When is operator phi(x) an observable in QFT?

[Sonderval]

In QFT of a real Klein-Gordon-Field, the field operator
$\phi(x)$ is an observable.
Mathematically, this is the case because it is a sum (over all k) of $a$ and $a^\dagger$ and this yields a Hermitian operator.
Physically, I can understand this because this equation would describe, for example, a membrane treated with QFT.

However, if the field is complex (charged particle) $\phi(x)$, the operator is the sum of particle lowering and anti-particle raising operators (or vice versa). Mathematically, I can see that it is not Hermitian and therefore it will not have Eigenvalues and does not correspond to an observable.

But I don't really understand this physically: Why can I (in principle) measure the uncharged pion field but not the charged pion field? I suspect this has to do with the scalar particle being its own anti-particle, but I don't really see how this affects the measurability of the field or the possibility to create a local field excitation (which is what operating with $\phi(x)$ should do)?

 

[Bill_K]

Sonderval, Even though in the real case φ(x) is Hermitian, that's no guarantee that its eigenvectors are in any way useful. For example since [H, φ(x)] ≠ 0, eigenvectors of φ(x) cannot be eigenvectors of energy. Also, since φ(x) is a linear combination of creation and annihilation operators, applying it to a state either raises or lowers the number of particles - unless the number of particles was infinite! So any eigenvector of φ(x) must be built from states with an infinite number of particles.

 

[Sonderval]

Of course you are right, an eigenvector to phi(x) will be a mixture of different particle numbers. This is completely analoguous to the QM harmonic oscillator: the eigenvectors position operator also is a combination of all energy eigenfunctions. Nevertheless, x is a valid observable.

The same should be the case in QFT - after all, the QM harm. osc. is equivalent to QFT in 0+1 dimensions. Measuring phi(x) will create an eigenstate at point x with a certain field value phi, similar to the way measuring position will create a position eigenstate (if I measure position within a small region, I'll create a wave packet which can be a coherent state in the case of the QM HO, which is also a mixture of infinitely many energy eigenstates.).

I understand that this is the case and am intuitively quite happy with that. I just don't have an intuitive idea why the situation should be so different for a charged particle.

 

[Demystifier]

Sonderval, complex scalar field can be represented by a collection of two real mutually commuting scalar fields, each of which can (at least in principle) be measured separately.

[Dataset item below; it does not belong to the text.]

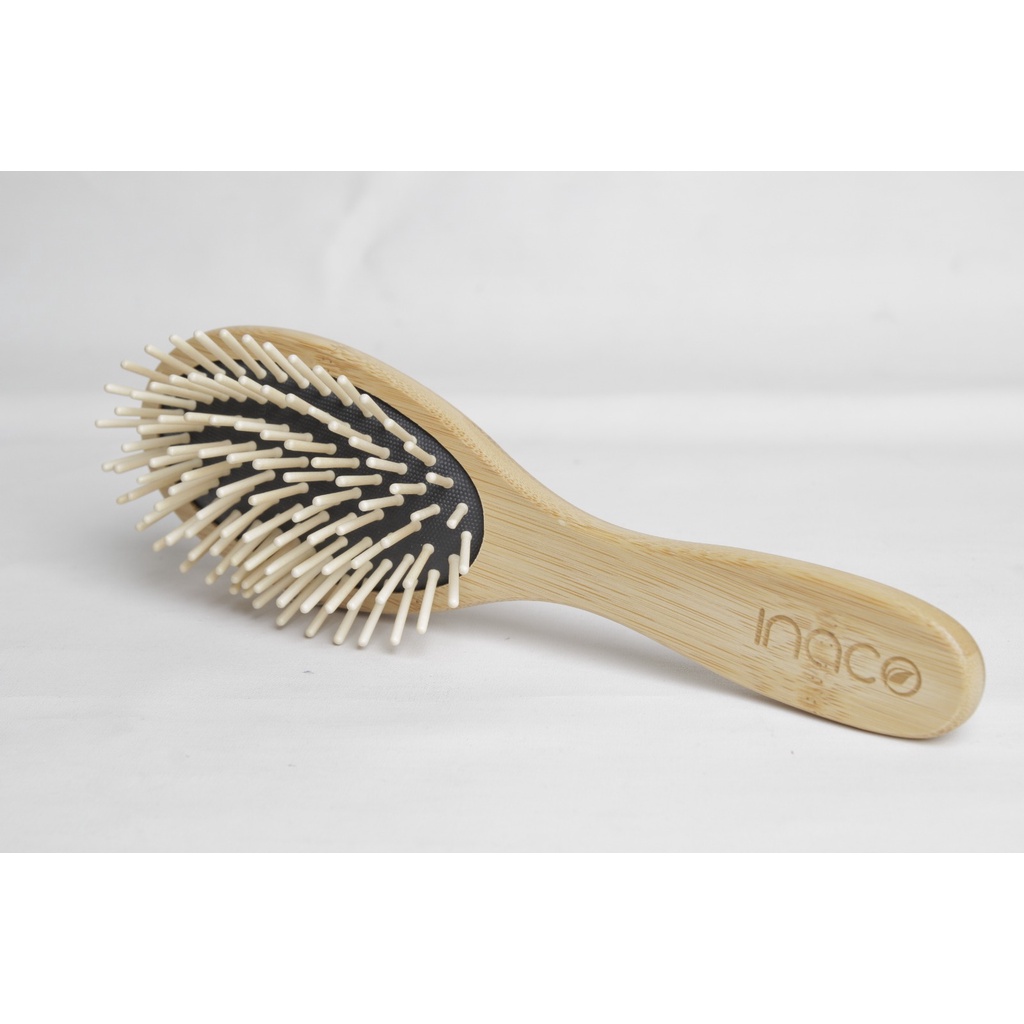 Lumi Bamboo Black Oval - Sisir Rambut Bambu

However, an eigenstate of such a hermitian field operator would be a superposition of states with different numbers of charged particles. Superpositions of different charges certainly exist mathematically in the Hilbert space, but there is a superselection rule that prevents the existence of such states in reality. This superselection rule can in fact be explained by the theory of decoherence. Essentially, such superpositions are unphysical for the same reason for which a superposition of a live and a dead cat is unphysical.

 

[Dickfore]

However, if the field is complex (charged particle) $\phi(x)$, the operator is the sum of particle lowering and anti-particle raising operators (or vice versa). Mathematically, I can see that it is not Hermitian and therefore it will not have Eigenvalues and does not correspond to an observable.

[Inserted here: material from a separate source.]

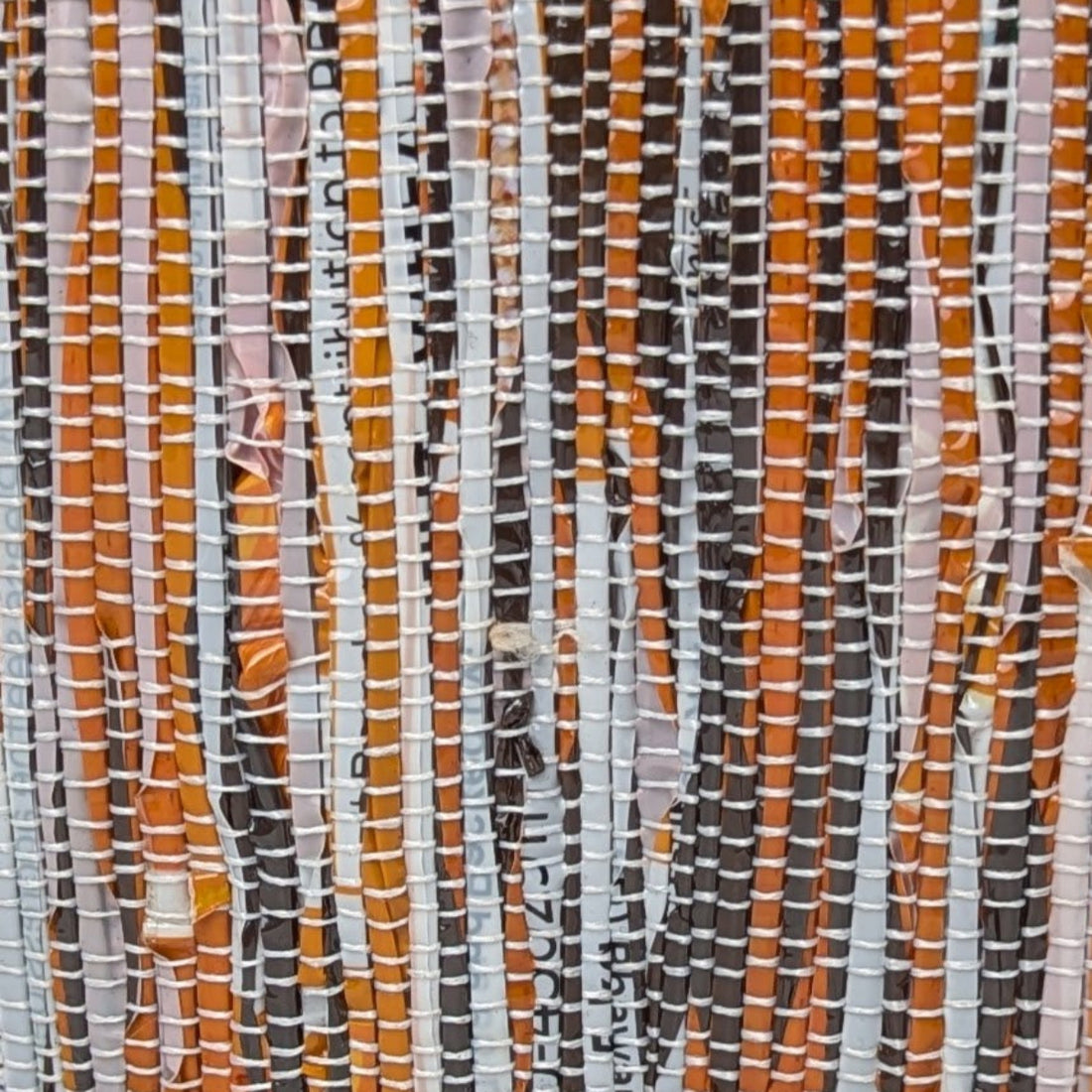 Upcycled Handcrafted Collapsible Storage Basket Small (CSBS0326-007) PS_W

But I don't really understand this physically: Why can I (in principle) measure the uncharged pion field but not the charged pion field? I suspect this has to do with the scalar particle being its own anti-particle, but I don't really see how this affects the measurability of the field or the possibility to create a local field excitation (which is what operating with $\phi(x)$ should do)?

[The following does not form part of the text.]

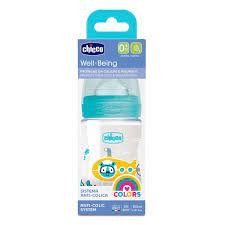 BIBERON CHICCO WB SIL AZUL 0M 150ML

You are right, but, then again, the ladder operators a and a+ are not hermitian either.

The physical meaning of a complex $\phi(x)$ is that it destroys a charged scalar particle at space-time point x, and the adjoint creates one. For a real scalar field, the particles are uncharged and equal to their own antiparticles. For them, the field operator creates/destroys.

 

[DrDu]

Sonderval, Even though in the real case φ(x) is Hermitian, that's no guarantee that its eigenvectors are in any way useful. For example since [H, φ(x)] ≠ 0, eigenvectors of φ(x) cannot be eigenvectors of energy. Also, since φ(x) is a linear combination of creation and annihilation operators, applying it to a state either raises or lowers the number of particles - unless the number of particles was infinite! So any eigenvector of φ(x) must be built from states with an infinite number of particles.

That's not an argument. Eigenstates of the electric or magnetic field also don't commute with the Hamiltonian and are coherent states formed from in principle all particle numbers. Yet they are very useful.

 

[Sonderval]

@Demystifier

However, an eigenstate of such a hermitian field operator would be a superposition of states with different numbers of charged particles

D'oh. I didn't think of that, that's really a good physical argument.

I'll need to think a bit further about the implications, but that's some help for sure.

@Dickfore

The physical meaning of a complex ϕ(x) is that it destroys a charged scalar particle at space-time point x

I don't think so - as Demystifer said, actually applying ϕ(x) will select an eigenvector of it, which is a superposition of all particle-number eigenstates.

 

[Physics Monkey]

One place where the complex scalar field has a nice physical meaning is in symmetry broken or superfluid phases. In this case, for example, its phase (or really a phase difference) can be measured by doing Josephson type experiments.

 

[Sonderval]

@Physics Monkey
Thanks for the hint, I'll look at that.